DeLong has served 21 years in the Army and comes to Anniston from Fort Bragg, N.C., where he last served as the distribution integration branch chief with 1st Theater Sustainment Command. Coming to ADMC is not his first job in Anniston: He began his Army career at Fort McClellan about 20 years ago when he reported to Officer Basic Course as a second lieutenant.
He takes command of ADMC from Lt. Col. Duncan MacMullen, who is retiring from the Army with 22 years of service.
MacMullen began his tour at ADMC on Sept. 25, 2008. ADMC and the Army said farewell to MacMullen during a retirement ceremony before the change of command.
DeLong praised MacMullen's leadership and relationship with the community. "My challenge will be to strive to maintain the world-class organization Duncan is handing over to me today and attempt to build it even stronger," he said.
For the last two years, MacMullen and his team at ADMC have pursued new efforts to ensure ADMC is poised to meet short- and long-term requirements of the agencies and service members the organization supports.
Some of the most notable accomplishments under MacMullen's reign include: ADMC's capability to recycle missiles graduated from pilot status to organic; ADMC was recognized for its 650-plus continuous days of no lost time accidents; and ADMC successfully demilitarized the last DRAGON missile in the Army inventory.
MacMullen was also responsible for preparing ADMC for a major change in the way it does business. The center, along with Anniston Army Depot's equipment maintenance operations, is slated to implement the Army's Logistics Modernization Program in October.

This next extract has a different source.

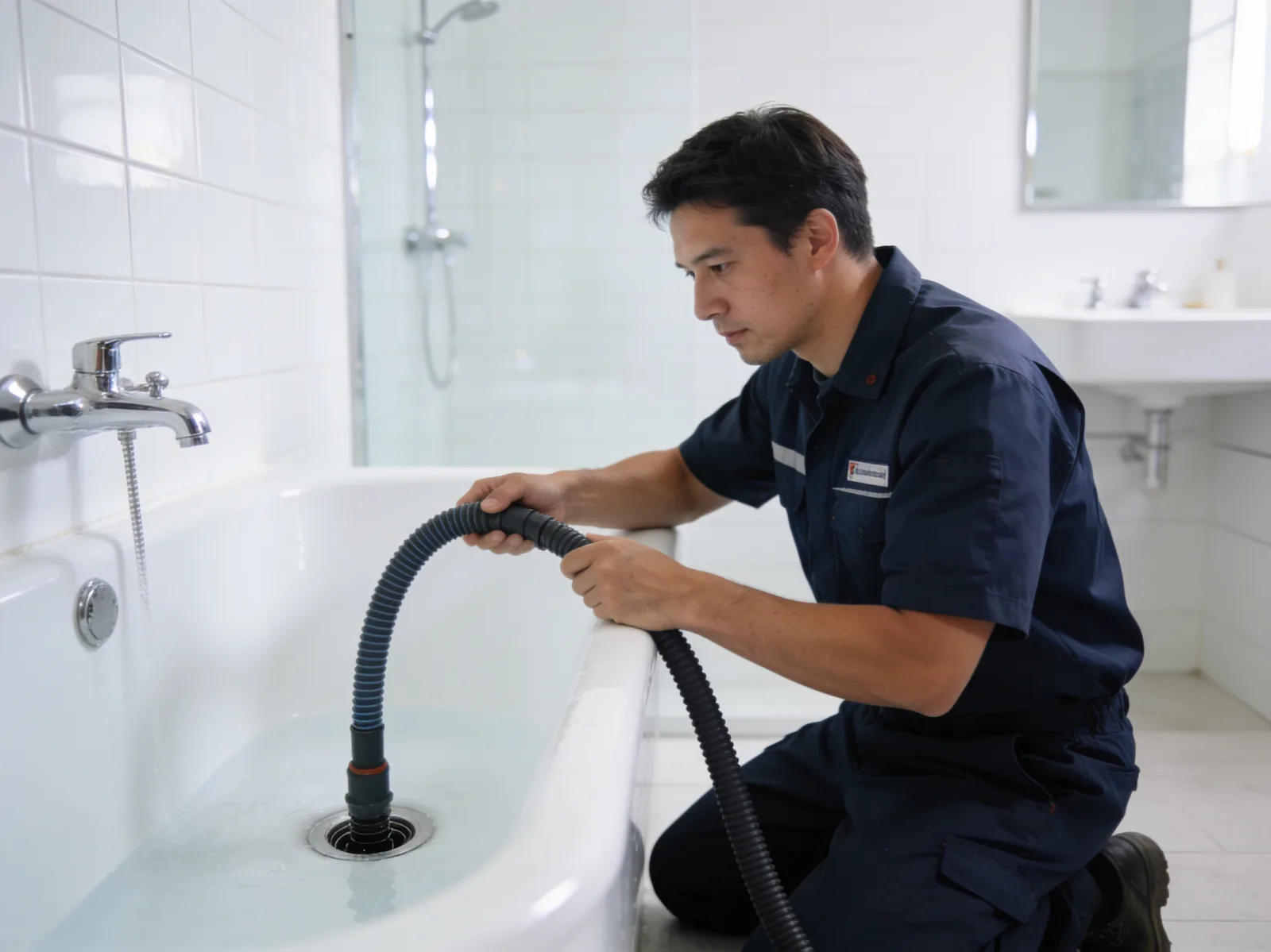 Emergency Plumber Decker, MI FAQs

"I've had the great pleasure of working with a group of truly dedicated professionals who make up the backbone of our nation's military might," said MacMullen. "I am confident ADMC will succeed in meeting the challenges of the missile and munitions enterprise with the competent leadership of Lt. Col. DeLong."

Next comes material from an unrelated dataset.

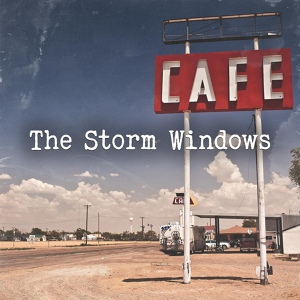 Обложка для The Storm Windows - Love Is Like a Spy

Blue Grass Army Depot Commander Col. Brian Rogers presided over the ceremony. Under the Army's Joint Munitions Command, Kentucky's BGAD has command and control of ADMC.
"The ADMC Team is a model munitions activity which is respected throughout the Army. This respect was earned because of the leaders' and employees' commitment to excellence. You are truly the best that America has to offer," said Rogers.

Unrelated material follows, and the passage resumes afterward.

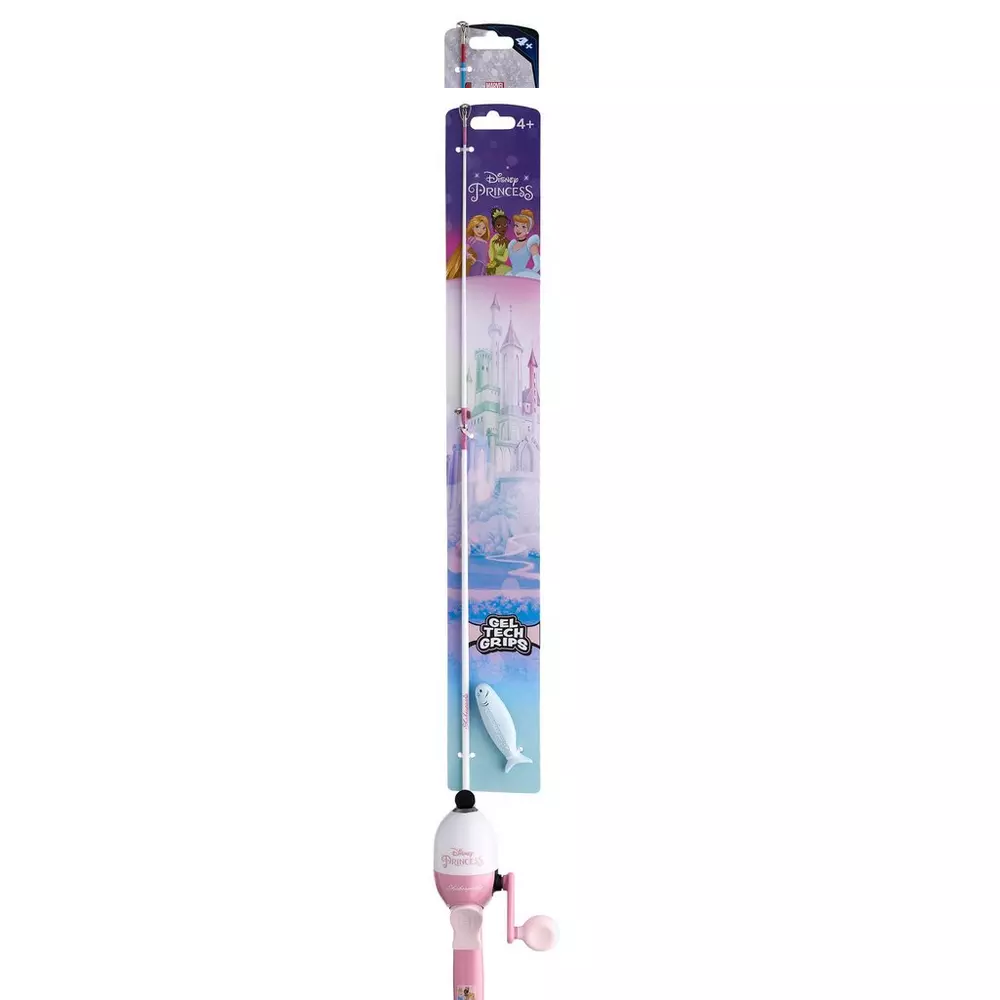 Shakespeare Disney® Princess Beginner Kit 26, 1 pc, Medium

ADMC, a tenant on the depot, provides receipt, storage, shipment, maintenance, inspection, demilitarization and recycling of conventional ammunition and missiles in support of the joint warfighter.
With approximately 145 government civilians, the organization has been in existence in its current state since 1998 when it stood up its operations for the first time as a major tenant activity under the name Anniston Munitions Center. Before then, the same operations were being conducted under the installation commander in the depot's Directorate of Ammunition.